"Sport Should Not Be Ruled By Judges": European Basketball, Football, Handball And Volleyball Are United In Defending The European Sports Model

09 May 2007

The European team sport federations of basketball (FIBA Europe), football (UEFA), handball (EHF) and volleyball (CEV) met today to discuss serious matters relating to the EU White Paper on sport currently under preparation.  The major European team sports federations issued the following statement:

1. The European team sports reiterate their support for the submissions already made by the IOC, EOC, world sport federations, FIFA and UEFA regarding the White Paper on sport.

2. Recent and upcoming EU court cases could have a very damaging effect on all sports across Europe.  These cases could effectively hand the definition of sports rules from sport itself to the judges in the European Court of Justice.  Sport, including its social, educational and cultural features, would risk being treated exactly like any profit-making business.

3. European sport is not asking for an exemption from the law or to be above the law.  European sport is, however, asking the EU, after more than 30 years of cases and challenges, to finally provide the necessary legal certainty and stability – which will not exist until there is a clear legal recognition of the specificity of sport.

4. We believe that the overwhelming majority of sports fans across Europe want to see competitive and balanced competitions.  They want to see strong national team competitions as well as exciting club competitions.  They want to see local young talent being developed and given a chance.  They want to see promotion and relegation and no breakaway leagues.  They do not want their sport to be run by businessmen and judges.  All of these key sports issues, and many others (club licensing for example), are currently under threat by ongoing court cases – court cases where people are manipulating EU laws to attack sports rules for their own personal profit.
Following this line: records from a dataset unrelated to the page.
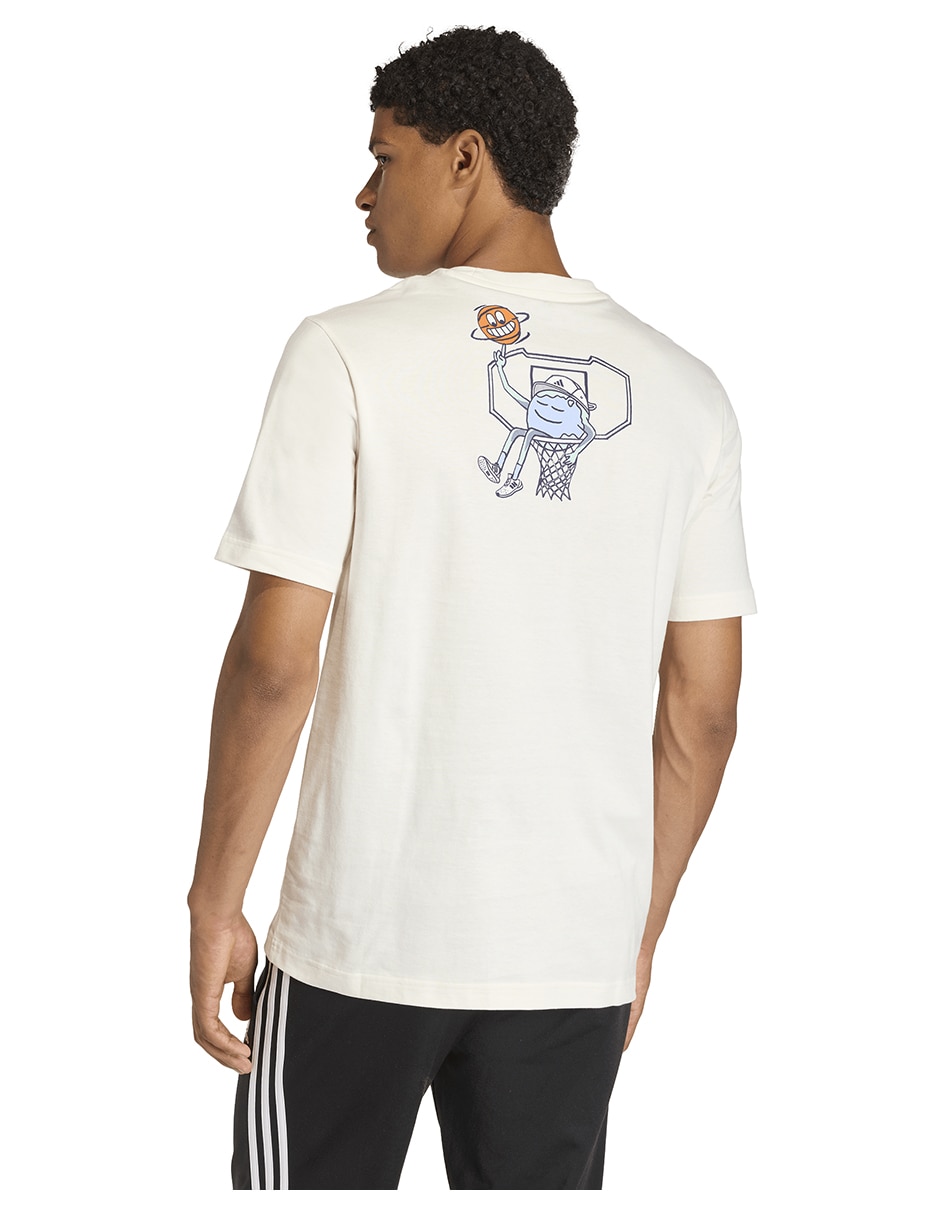 Playera deportiva para entrenamiento de hombre 3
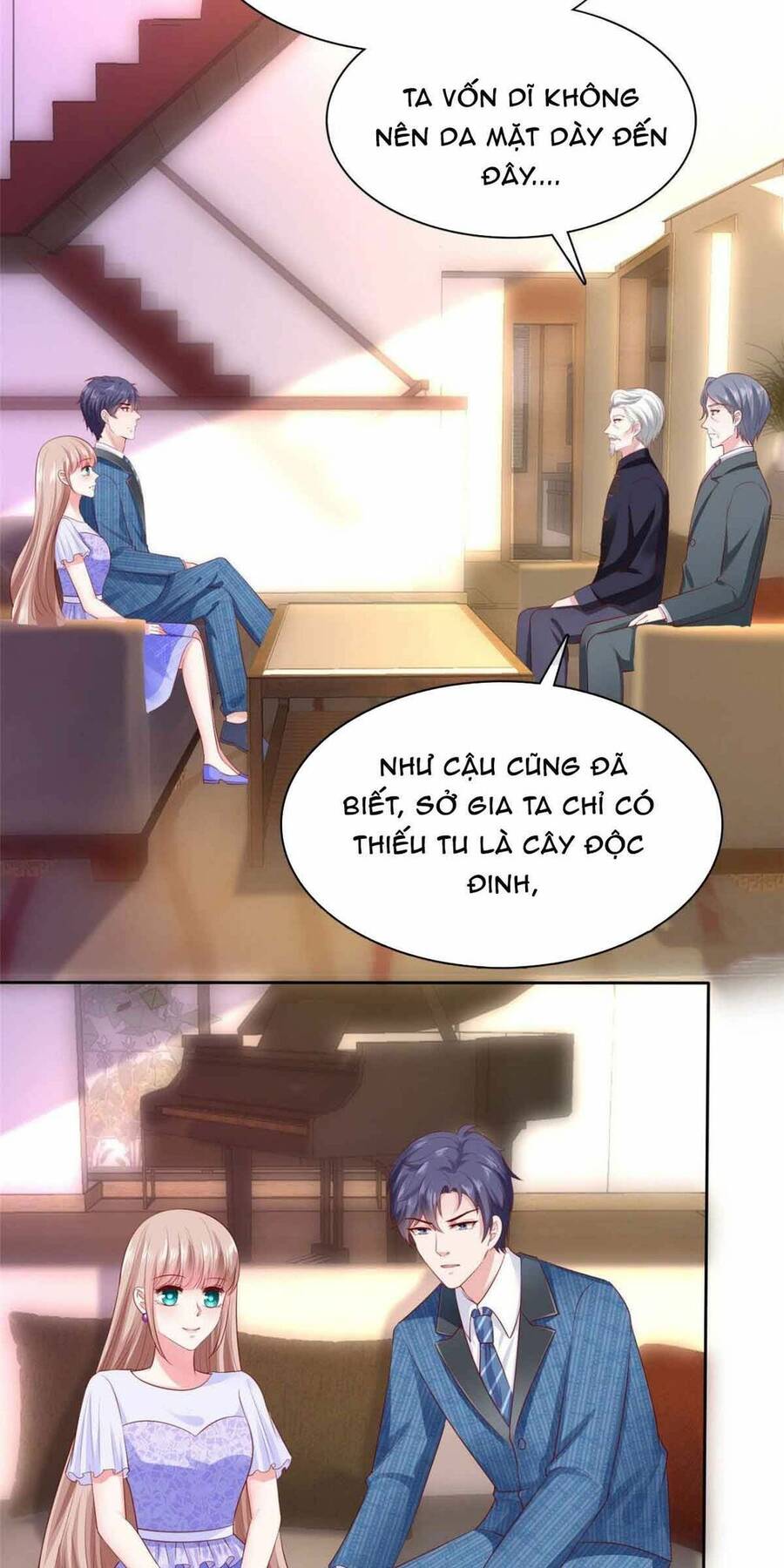 Băng Sơn Tổng Tài Sủng Thê Đến Vô Đạo Chapter 131 - Trang 2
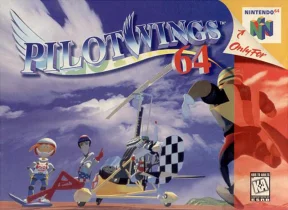 Pilotwings 64 — Nintendo 64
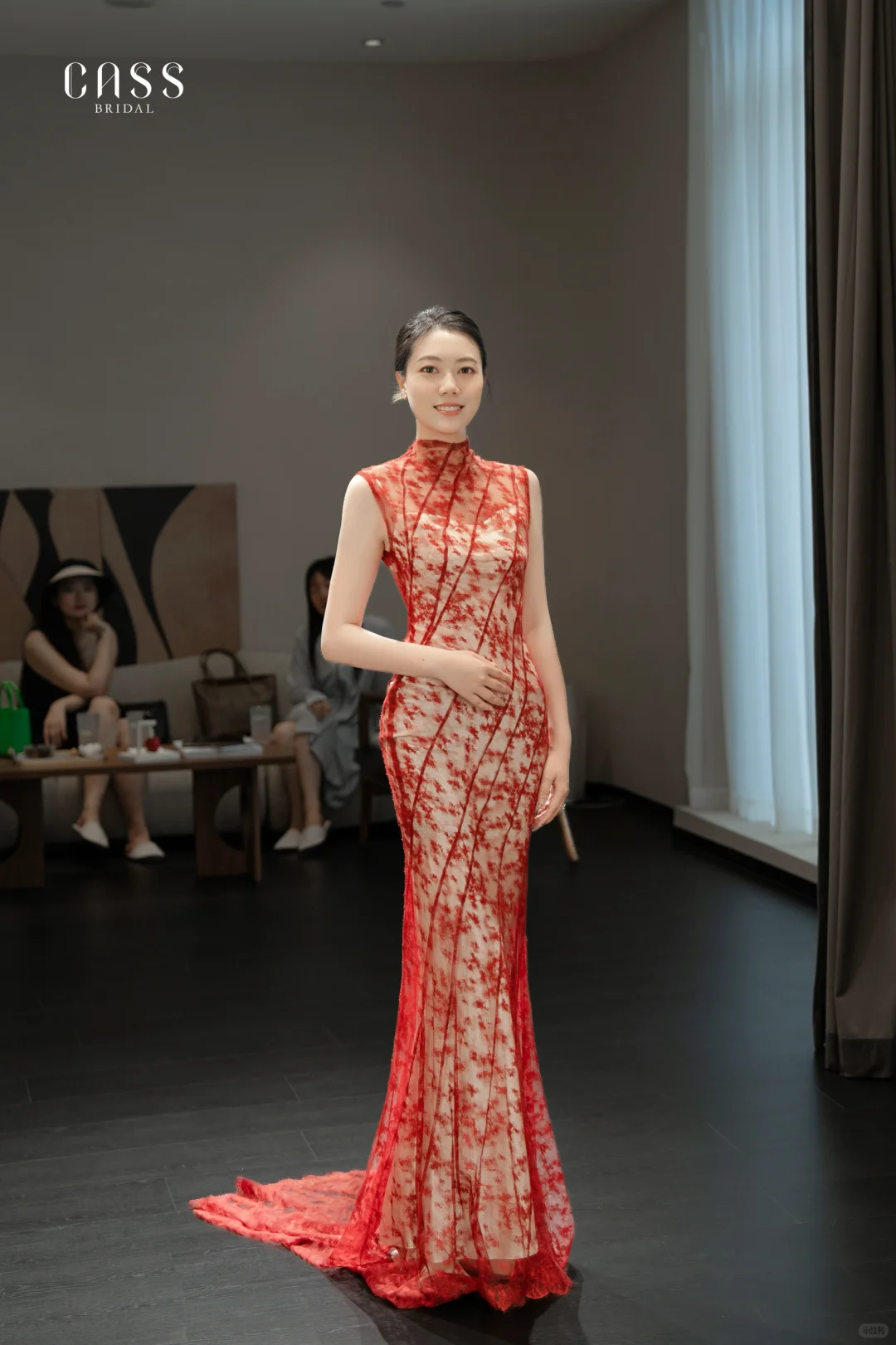 🌟【试纱VS婚礼现场】婚礼现场无p图实测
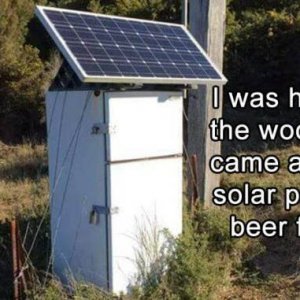 we have the technology to make the world a better place filled with beer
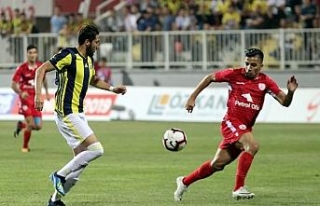 Hazırlık Maçı: Altınordu: 0 - Fenerbahçe: 0...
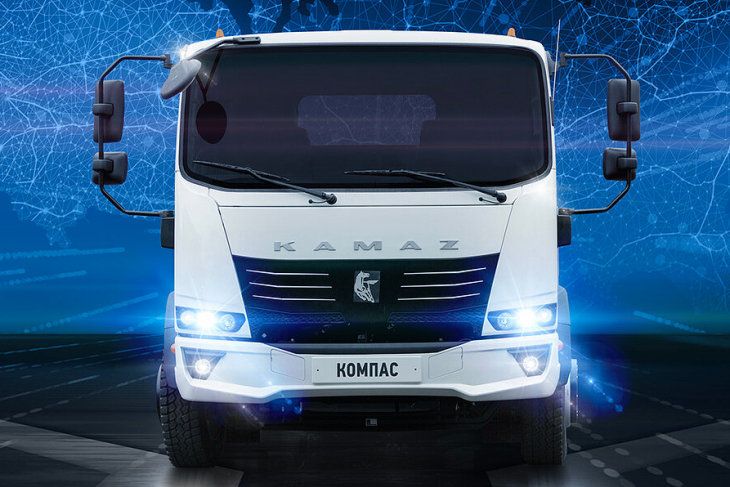 Стала известна дата начала продаж малотоннажников КАМАЗ «Компас 5» и грузовиков «Компас 6»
5. The EU White Paper on sport gives the EU Commission a chance to actually implement the will of the EU Heads of State (Nice Declaration 2000), the European Parliament (Belet Report 2007) and the vast majority of sports fans across Europe.

6. In conclusion, the European team sports reiterate their support for the EU White Paper on sport, provided that it fulfils its original purpose – namely to outline concrete measures to implement the Nice Declaration.